Nenek tampak tersentak mendengar hal itu.
Dua bulir air mata jatuh di pipi Allana. Penerus keluarga? Itukah rencananya? Bukannya lega, ia merasa muak dengan semua pemikiran Mahesa yang ia anggap tidak masuk akal.
"Tolong….gugurkan saja anak ini," ucap Allana dengan tatapan penuh kekecewaan.
"Naik ke kamarmu sekarang Allana!" titah Mahesa ke arah Allana.
Air mata terus mengalir di pipi Allana.
Mahesa meraih pergelangan tangan Allana dan separuh menyeretnya menuju tangga.
"Apa aku terlalu baik kepadamu tadi sampai kau berani membangkang sekarang?" ucap Mahesa.

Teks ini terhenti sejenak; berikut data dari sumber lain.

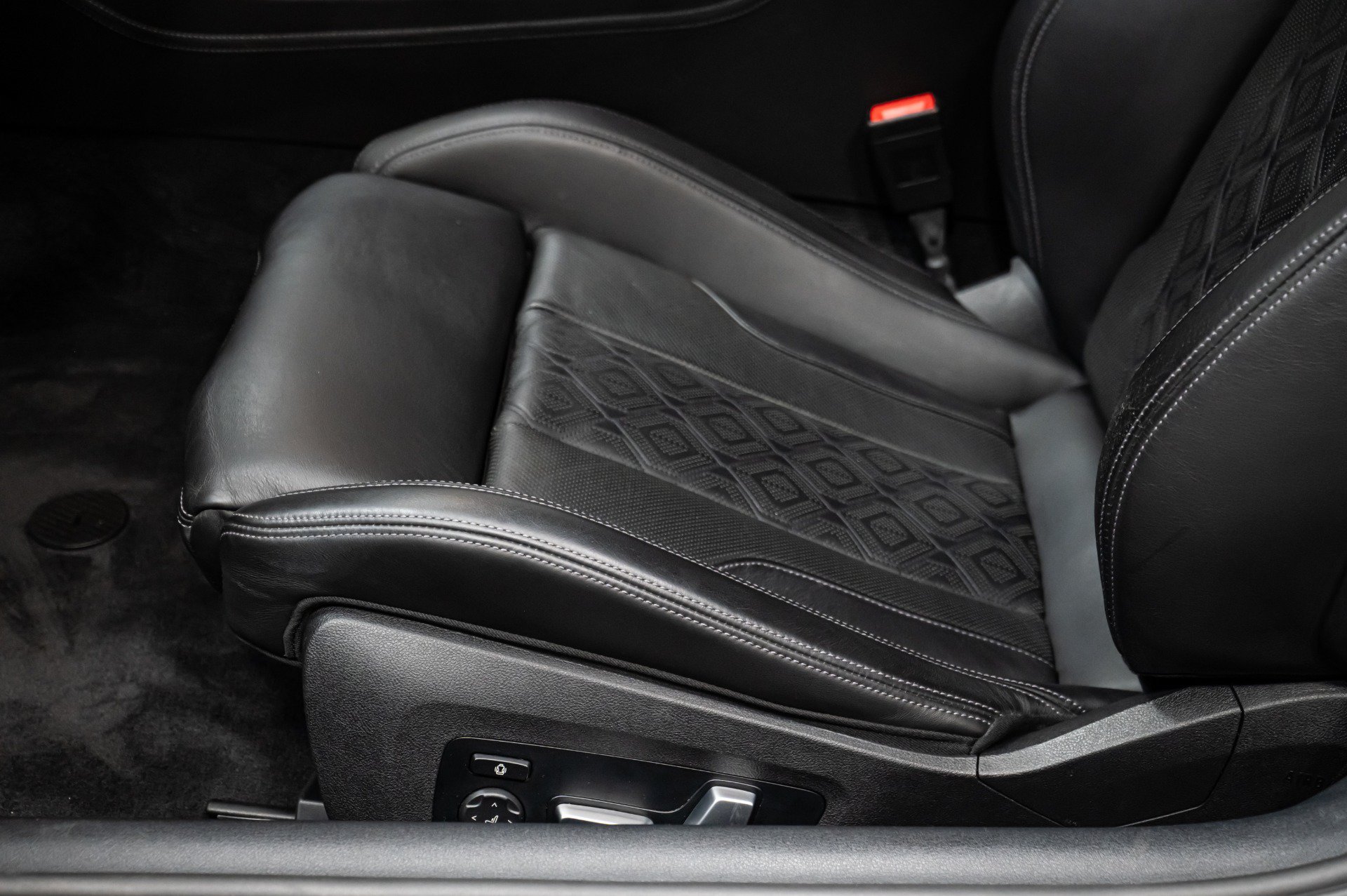 Used 2022 BMW M8 Competition AWD/4WD image 21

Allana menepis tangan Mahesa.
"Aku tidak pernah ingin melahirkan anak ini! Kenapa kau memaksaku?" keluhnya dengan putus asa.
"Allana!" hardik Mahesa.
"Kenapa? Aku tidak boleh melawan sedikitpun karena keluargaku? Atau karena kau menginginkan anak ini? Anak haram ini? Tapi kenapa? Kenapa harus aku?" ucap Allana dengan penekanan pada akhir kalimatnya.
Nenek tampak terkejut dengan apa yang dikatakan oleh Allana. Wanita tua itu hanya mampu menutup mulutnya dengan tangan saking terkejutnya. Ia sama sekali tidak menyangka kalau cucunya mampu berbuat sejauh ini hanya demi membalas semua perbuatan keluarga Windardi di masa lalu. Terlebih yang menjadi target justru seorang gadis muda yang sepertinya tidak paham dengan apa yang sudah terjadi di masa lalu.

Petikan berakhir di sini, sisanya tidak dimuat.